暦を繰るとさて、もう半月も前の事だ。
その日は生憎の曇天であったが、僅かに射す日の温みに意を決し、握り飯を拵えて家を発った。
籠もりがちたる我知らぬ間に、既に季節は冬掛り街行く少女らのスカート丈は愈々短い。
駅に着くも電車は相変わらず来ず、空きっ腹の対処の為ふらり這入った食堂の
蕎麦と蕎麦茶が絶妙で、乾いた脳髄に少しばかりうるほひが戻るのを感じた。
埃を被った写生帳、何故かギュウ詰めの鞄を携えて、件の古刹へと向かう。
週末でないし空いているかと思いきや、かえって団体の客が犇いていた。
手水を取り襟巻きを締め直して墓場の脇の山道に足を踏み入れる。
泥濘や落ち葉が、舗道に慣れた齷齪とした歩調をあらためさせる。
登っていく内動悸がし、頬は紅潮汗ばむ等と、動物に戻りゆく様。
突如視界を塞ぐ岩肌。
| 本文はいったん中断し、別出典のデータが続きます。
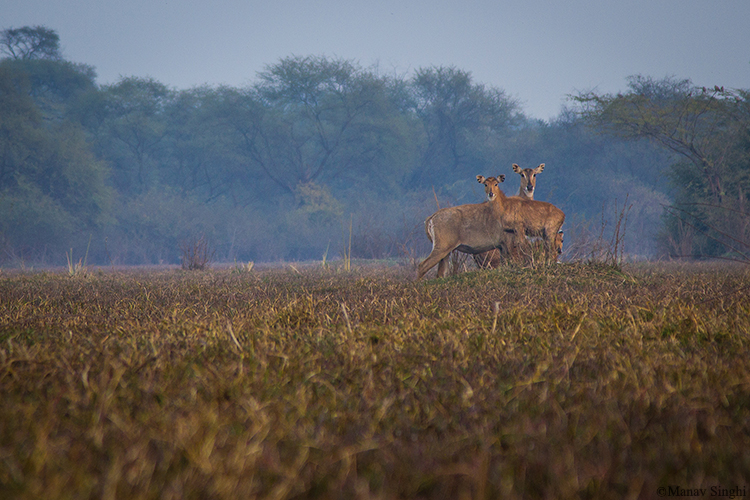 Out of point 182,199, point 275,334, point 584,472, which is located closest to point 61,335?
point 275,334

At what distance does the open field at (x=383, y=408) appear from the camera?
48.6 inches

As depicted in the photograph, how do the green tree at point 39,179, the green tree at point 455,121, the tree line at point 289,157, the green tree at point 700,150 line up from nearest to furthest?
the green tree at point 700,150
the green tree at point 39,179
the tree line at point 289,157
the green tree at point 455,121

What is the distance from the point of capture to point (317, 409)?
5.59 feet

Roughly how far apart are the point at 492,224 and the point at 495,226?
1.7 inches

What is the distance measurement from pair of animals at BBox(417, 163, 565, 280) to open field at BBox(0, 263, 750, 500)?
379cm

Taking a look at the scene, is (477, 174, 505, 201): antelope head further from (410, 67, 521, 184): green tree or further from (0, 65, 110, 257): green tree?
(410, 67, 521, 184): green tree

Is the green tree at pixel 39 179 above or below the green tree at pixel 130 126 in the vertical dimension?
below

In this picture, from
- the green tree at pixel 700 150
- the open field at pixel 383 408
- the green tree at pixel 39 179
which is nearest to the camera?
the open field at pixel 383 408

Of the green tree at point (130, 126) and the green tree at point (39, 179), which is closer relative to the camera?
the green tree at point (39, 179)

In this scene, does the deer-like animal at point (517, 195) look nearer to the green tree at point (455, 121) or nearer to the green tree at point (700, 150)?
the green tree at point (700, 150)

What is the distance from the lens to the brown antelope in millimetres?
7129

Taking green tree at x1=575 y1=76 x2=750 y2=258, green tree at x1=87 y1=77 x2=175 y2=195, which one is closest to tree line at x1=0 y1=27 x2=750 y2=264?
green tree at x1=87 y1=77 x2=175 y2=195

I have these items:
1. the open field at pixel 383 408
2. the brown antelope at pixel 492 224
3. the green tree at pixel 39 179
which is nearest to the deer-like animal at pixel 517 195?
the brown antelope at pixel 492 224

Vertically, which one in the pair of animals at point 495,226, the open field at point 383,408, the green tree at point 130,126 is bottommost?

初めて訪れた際の、斎や畏怖の感は薄れ、幾分懐かしむ様な気持ちになる。
大師の宿りしという洞を眺めつつ、早速に握り飯を喰らう。手長足長の蜘蛛達が足元を散歩している。
何を祀りし社か知らぬが拝し賽銭を上げ、岩陰に座り込んで漸くその壮絶な景観を写す事を始める。